Software : Arduino plus open-source libraries.

Communications : We work with The Things Network as our reference LoRaWAN service.

Sensors : we included the sensors MCCI has been using for the last two years in our IoT deployments with LoRaWAN (light, temperature, pressure, humidity), and we added a couple that seem relevant to machine learning: a six-axis accelerometer (for motion and vibration detection), and a MEMS microphone (for noise detection).

Open source: everything is free and open source if it can be: the FPGA code, the FPGA tool chain, the schematics, the software tools, and the software we provide.

Current Status


We've built 12 units and demonstrated them at the RISC-V Summit in Santa Clara on December 4 and 5, 2018. (See Adafruit blog post and Hackster.io article .)

If you follow the links, you'll see that it's pretty real. However, we're still not done. The rev A units work well, but we have a few more things to do before it's a product.
  • We need to get the USB bootloader (from TinyFPGA) working on this particular FPGAs. Right now, the USB port is only used for power; you have to use a USB-serial converter to load software, and another USB-serial converter for debug / operating I/O (see photo of breadboard below). It's not terrible, but it's kind of inconvenient. (You can also do it with clip-leads, another photo below.)

    Prototyping with breadboard


  • Prototyping with jumpers
  • We need to get an official (written) release for the open-source code for the RISC-V core, from the developers. It's promised, but we can't release code until the paperwork is done.
  • We need to release an Arduino environment to support software development
  • We have to correct the minor glitches we've discovered in the rev A design.
  • We need a manufacturing test procedure.
Things that would be nice to do, but won't delay the release:
  • Come up with a curated version of the FPGA tools, possibly using PlatformIO or Apio, so that it's easy to build and download a starter app (hardware blinky).
  • Build an optimized version of the RISC-V SOC core using some of the advanced features of the Lattice iCE40 Ultra Plus (like the hard SPI and I2C cores).
  • Add a few missing features to the RISC-V core (particularly simple interrupts and the ability to insert breakpoints and a little more debug assist.
Based on our experience so far, it's a great little platform, but it's capabilities are so vast that MCCI will only be able to scratch the surface.
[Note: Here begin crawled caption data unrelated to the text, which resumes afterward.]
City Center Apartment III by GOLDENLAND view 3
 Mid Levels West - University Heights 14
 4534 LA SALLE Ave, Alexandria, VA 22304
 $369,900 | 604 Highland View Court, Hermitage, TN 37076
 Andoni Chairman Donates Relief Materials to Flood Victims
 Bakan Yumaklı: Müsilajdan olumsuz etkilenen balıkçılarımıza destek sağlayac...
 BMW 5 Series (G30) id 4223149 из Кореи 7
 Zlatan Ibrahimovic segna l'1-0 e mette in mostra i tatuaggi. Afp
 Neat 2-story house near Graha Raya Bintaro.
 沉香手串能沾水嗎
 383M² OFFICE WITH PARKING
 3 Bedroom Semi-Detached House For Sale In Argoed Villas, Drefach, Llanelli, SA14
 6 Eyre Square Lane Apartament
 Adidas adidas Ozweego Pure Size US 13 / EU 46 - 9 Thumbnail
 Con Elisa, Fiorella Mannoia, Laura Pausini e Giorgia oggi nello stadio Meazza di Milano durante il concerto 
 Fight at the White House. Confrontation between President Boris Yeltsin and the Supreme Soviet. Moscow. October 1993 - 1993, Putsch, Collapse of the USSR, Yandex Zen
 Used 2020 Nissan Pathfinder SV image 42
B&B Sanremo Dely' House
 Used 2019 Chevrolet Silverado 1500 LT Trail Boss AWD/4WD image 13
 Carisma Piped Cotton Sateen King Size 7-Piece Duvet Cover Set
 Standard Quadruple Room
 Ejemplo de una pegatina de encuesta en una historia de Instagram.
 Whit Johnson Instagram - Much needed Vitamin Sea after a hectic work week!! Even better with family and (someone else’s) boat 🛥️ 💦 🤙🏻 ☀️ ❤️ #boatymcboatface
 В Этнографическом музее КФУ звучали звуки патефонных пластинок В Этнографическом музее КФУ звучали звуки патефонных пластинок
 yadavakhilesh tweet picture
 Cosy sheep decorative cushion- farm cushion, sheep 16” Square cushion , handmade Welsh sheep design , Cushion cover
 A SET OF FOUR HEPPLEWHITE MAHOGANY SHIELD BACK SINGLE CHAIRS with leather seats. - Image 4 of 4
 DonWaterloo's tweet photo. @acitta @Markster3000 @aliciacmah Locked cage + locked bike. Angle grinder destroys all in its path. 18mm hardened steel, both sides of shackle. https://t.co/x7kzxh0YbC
The open-source strategy is helpful -- we've made, we think, a good platform for this kind of research, and the community will determine where it goes.

Price and availability -- we don't know yet! We want to sell single units for under $80; this is in the ballpark for a Feather M0 LoRa plus an external board with the required sensors and other things that are needed for real apps. We're still discussing with our fab houses. We hope to have an answer after New Years 2019. If  the economics look right, we can have unit for sale about a month after we push the button.

Schematics are available in this post .

Detailed specs


  • FPGA: iCE40 Ultra Plus 5k
  • Initial FPGA core
    • RISC-V soft CPU core (32I instruction set) running at 6 MHz
    • Built in UART and soft SPI and I2C controllers
    • GPIOs
    • Simple PDM to PCM converter
  • 1 Mbyte flash for bitfiles and software
  • Si1133 light sensor
  • BME280 temperature/pressure/humidity sensor
  • LIS2DS12 accelerometer
  • MP34DT05 microphone
  • HopeRF RFM95W LoRa radio
  • 8 kbyte FRAM (non-volatile memory) for storing things like LoRaWAN link counters, session parameters and other things that may change frequently (without worrying about flash wearout)
  • Feather-compatible 16-pin and 12-pin edge connector footprint
  • footprint for 2 x 4 pin screw terminals, each with dedicated ground and dedicated software-controlled power
  • JST-PH socket for Adafruit LiPo batteries
  • LiPo charger
  • Micro-B USB connector for charging and (someday) data
  • ADC for monitoring VBus and VBat.